For maximum accuracy, you either hold your gaze on each character in a password about 8 letters long for half a second or look at a character and click a trigger to confirm your choice. This approach takes a lot more time than typing the characters by hand. In tests on 18 users, it took about 10 seconds to input a gaze-based password, as opposed to 2 seconds typing. Even so, test subjects preferred EyePassword because it made them feel more secure.

Researchers at Oak Ridge National Laboratory have combined four technologies into a multilayer system that dramatically boosts the cooling capabilities of roofs and attics, which tend to swelter under hot sun. By helping to keep the whole house cooler, the system can cut a home's summer electric bills by 8%, says William Miller, the project's co-leader.

On the outside layer are shingles that, though dark, heat up slowly because of a special coating that reflects back much of the sun's infrared energy. The next layer of the roof is structured to encourage steady air flow so that warm air vents from the peak, drawing in cooler air from the eves. Below that, a thin barrier of aluminum slows the transfer of heat from the roof into the attic.

At the bottom is a layer of "phase-change" insulation. Packed with tiny capsules filled with a chemical that goes from solid to liquid as it warms--at around 85F--the insulation absorbs heat by day and releases it back into the air at night. On a 92F day, ORNL's prototype system cut attic temperatures by 22F, to 105F.
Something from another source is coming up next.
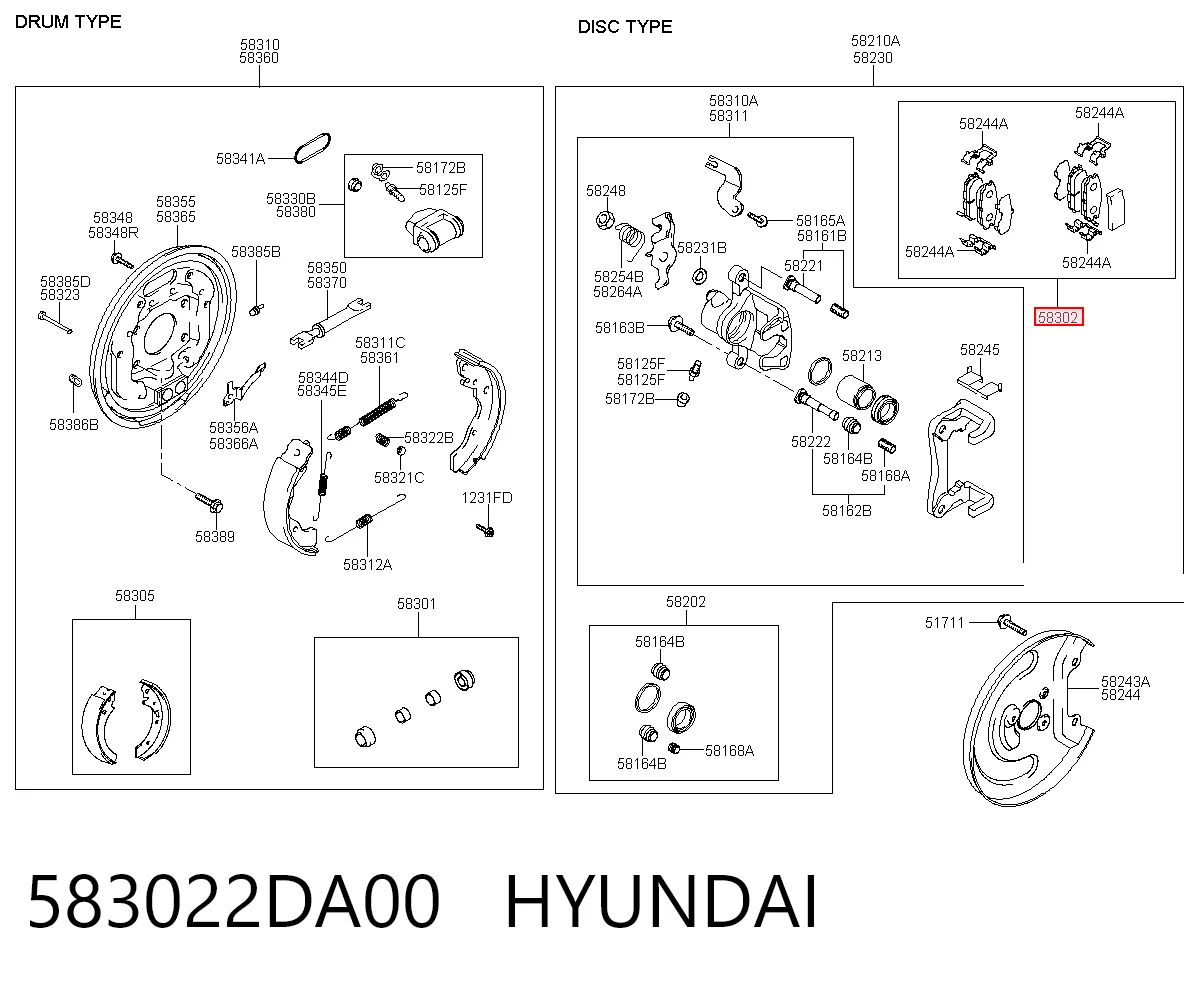 583022DA00 Hyundai/Kia Колодки гальмівні задні, дискові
-- Sheets of artificial muscle that contract with the same amount of power as living heart tissue could prove useful to designers of robots and medical devices. Scientists at Harvard University took muscle cells from rat hearts and grew them on thin sheets of film. They then turned the films into 3D devices that can move and grip other objects, says a report in the Sept. 7 issue of Science.

-- One reason 17% of America's kids are overweight is that 98% of all TV food ads viewed by children age 2 to 11 and close to 90% of ads watched by teenagers are for products laden with sugar and fat. So says a study funded by the nonprofit Robert Wood Johnson Foundation, which monitored top-rated shows for children over a nine-month period from 2003 to 2004 and assessed every food ad shown. In total, they found that almost half the calories of the products advertised came from sugar. Previous studies show kids are heavily influenced by ads, which "makes it incumbent on food companies to change their practices," says Lisa M. Powell of the University of Illinois in Chicago.